The trouble with searching for 'Grunge' is that you get the fashion-industry imitation. The real thing is a street style and far more extreme. |
Dietrich von Hildebrand noted the unfortunate tendency in some of the more rigorist Catholic circles before the Council to disparage natural goods, because they had failed to distinguish them from worldly goods. Worldly goods, like money and worldly honours, have no intrinsic value. To set one's heart on them is to set one's heart on a vanity: on nothing. Natural goods, like beauty, have intrinsic value. Beautiful things were created good by God, or if man-made, they reflect His goodness. To reject natural goods is to reject the goodness of creation and its capacity to reflect God, and lead hearts to God.
Such a rejection is characteristic of Protestantism, and this forms the background, looking at the big picture, of the crisis of fashion we are living through. The Protestants taught that at the Fall nature human became depraved, evil, and by parallel the created world falls under suspicion. The Protestant attack on religious art did not limit itself to devotional images: it included Gregorian chant. Of course it is impossible to exclude the artful use of created things to raise the heart to God completely from religious architecture and liturgy, but Anglicans, Lutherans, Calvinists and Anabaptists settled at different points on this dismal road. The Anglicans smashed the stained glass and abolished the antiphons of Vespers and Compline. The Lutherans insisted that no syllable have more than one musical note. The Calvinists got rid of the organs. All of them created white-washed churches which look like neo-classical meeting rooms instead of holy places.

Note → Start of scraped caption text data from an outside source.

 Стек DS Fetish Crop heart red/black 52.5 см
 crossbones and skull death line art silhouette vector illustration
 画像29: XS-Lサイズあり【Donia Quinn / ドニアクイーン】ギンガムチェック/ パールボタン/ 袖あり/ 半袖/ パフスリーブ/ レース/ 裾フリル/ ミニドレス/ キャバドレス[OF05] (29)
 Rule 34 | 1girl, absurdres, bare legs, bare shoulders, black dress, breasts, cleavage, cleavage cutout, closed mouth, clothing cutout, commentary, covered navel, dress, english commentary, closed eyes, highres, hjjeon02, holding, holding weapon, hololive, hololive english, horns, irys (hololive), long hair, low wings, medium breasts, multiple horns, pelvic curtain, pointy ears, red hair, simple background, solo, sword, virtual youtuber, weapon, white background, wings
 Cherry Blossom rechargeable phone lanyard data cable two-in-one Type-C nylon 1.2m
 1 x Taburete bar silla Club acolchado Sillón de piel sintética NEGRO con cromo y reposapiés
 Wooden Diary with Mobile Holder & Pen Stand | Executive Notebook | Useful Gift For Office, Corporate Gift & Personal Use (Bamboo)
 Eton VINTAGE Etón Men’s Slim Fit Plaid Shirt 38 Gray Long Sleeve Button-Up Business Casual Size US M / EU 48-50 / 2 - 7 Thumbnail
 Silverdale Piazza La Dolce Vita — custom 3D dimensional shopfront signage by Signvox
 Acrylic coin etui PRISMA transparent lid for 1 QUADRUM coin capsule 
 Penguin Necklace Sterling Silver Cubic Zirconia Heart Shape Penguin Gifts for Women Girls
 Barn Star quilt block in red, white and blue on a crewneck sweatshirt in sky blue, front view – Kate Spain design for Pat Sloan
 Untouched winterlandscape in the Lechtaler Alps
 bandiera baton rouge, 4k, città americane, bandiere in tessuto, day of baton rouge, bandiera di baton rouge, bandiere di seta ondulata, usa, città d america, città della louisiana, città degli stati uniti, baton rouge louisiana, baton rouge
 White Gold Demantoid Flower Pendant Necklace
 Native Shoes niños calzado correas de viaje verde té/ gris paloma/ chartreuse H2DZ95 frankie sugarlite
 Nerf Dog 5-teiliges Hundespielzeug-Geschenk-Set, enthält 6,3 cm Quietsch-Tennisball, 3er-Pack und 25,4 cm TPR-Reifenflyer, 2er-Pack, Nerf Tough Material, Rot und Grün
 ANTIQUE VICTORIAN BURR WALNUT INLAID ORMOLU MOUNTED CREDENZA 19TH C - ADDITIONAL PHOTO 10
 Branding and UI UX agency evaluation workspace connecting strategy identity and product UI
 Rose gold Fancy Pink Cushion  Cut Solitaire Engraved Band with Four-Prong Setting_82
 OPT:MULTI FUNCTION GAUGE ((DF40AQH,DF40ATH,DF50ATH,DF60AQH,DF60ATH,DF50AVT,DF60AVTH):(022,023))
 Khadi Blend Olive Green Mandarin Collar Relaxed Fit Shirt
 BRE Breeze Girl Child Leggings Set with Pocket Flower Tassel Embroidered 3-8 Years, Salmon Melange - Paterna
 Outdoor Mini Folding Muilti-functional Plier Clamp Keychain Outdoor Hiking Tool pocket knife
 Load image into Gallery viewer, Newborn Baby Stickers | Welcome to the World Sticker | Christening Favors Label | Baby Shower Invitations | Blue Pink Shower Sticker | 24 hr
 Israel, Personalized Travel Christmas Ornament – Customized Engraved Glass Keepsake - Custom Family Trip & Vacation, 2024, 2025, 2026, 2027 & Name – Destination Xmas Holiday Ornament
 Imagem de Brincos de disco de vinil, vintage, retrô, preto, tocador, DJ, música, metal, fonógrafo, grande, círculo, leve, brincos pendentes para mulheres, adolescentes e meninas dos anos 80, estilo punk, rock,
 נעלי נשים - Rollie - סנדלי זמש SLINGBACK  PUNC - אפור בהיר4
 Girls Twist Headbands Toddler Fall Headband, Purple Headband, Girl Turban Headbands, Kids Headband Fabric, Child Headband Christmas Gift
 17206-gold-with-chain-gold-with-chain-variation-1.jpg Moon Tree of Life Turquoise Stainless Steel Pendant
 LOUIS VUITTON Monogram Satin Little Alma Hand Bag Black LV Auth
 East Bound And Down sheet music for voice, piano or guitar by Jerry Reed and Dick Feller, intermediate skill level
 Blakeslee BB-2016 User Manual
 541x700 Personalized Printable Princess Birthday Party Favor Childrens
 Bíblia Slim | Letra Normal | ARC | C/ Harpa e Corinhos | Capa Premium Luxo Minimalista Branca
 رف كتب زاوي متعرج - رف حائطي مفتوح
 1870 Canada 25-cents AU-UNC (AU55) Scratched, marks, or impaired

The Protestant mindset had it that to contemplate a devotional image - a crucifix, say - is to contemplate something other than Christ, to give to the image what we owe to Christ. It is idolatry. By extension, to contemplate any beautiful thing is to focus our attention away from God, onto something else. Something, in fact, which is worthless or even evil, because all created things have been tainted by the Fall.
The Catholic attitude is that by contemplating the crucifix we look beyond it, and raise our minds and hearts to the real Christ. By extension, any beautiful thing can raise the heart to God. Religious and devotional art, of course, expresses all sorts of specific truths, but all art which aims at beauty expresses the Catholic doctrine that God's creation is good even after the Fall. It lost Grace, and was wounded, by the Fall, but it did not lose all its value.
On clothing in particular, the more extreme Protestants adopted a sort of uniform of black and white, without colour or decoration, and with the simplest form. In fact this can look extremely elegant, but the logic of the position would suggest it should not please the eye at all.
Just as devotional images were thought to take the mind away from what they represented, it is easy to develop the idea that clothes distract one from the real person wearing them. The real thing, devotionally, is supposed to be something entirely spiritual: as if the Incarnation had never taken place. Similarly, the real thing in any material thing, including humans, might be thought to be something beneath and separate from the outward appearance. You can see this idea developing in the Enlightenment, in the writings of philosophers imbued with Protestant culture. This is essentially the Heresy of Formlessness which Martin Mosebach talks about, and I make no apology for mentioning this book again. Anyone interested in these issues should read it.
Applied to the liturgy you get the Novus Ordo. Applied to clothing you get grunge.
In reality, we are incarnated in our bodies, and we express ourselves in our clothes. Garments do not hide us: they clothe us.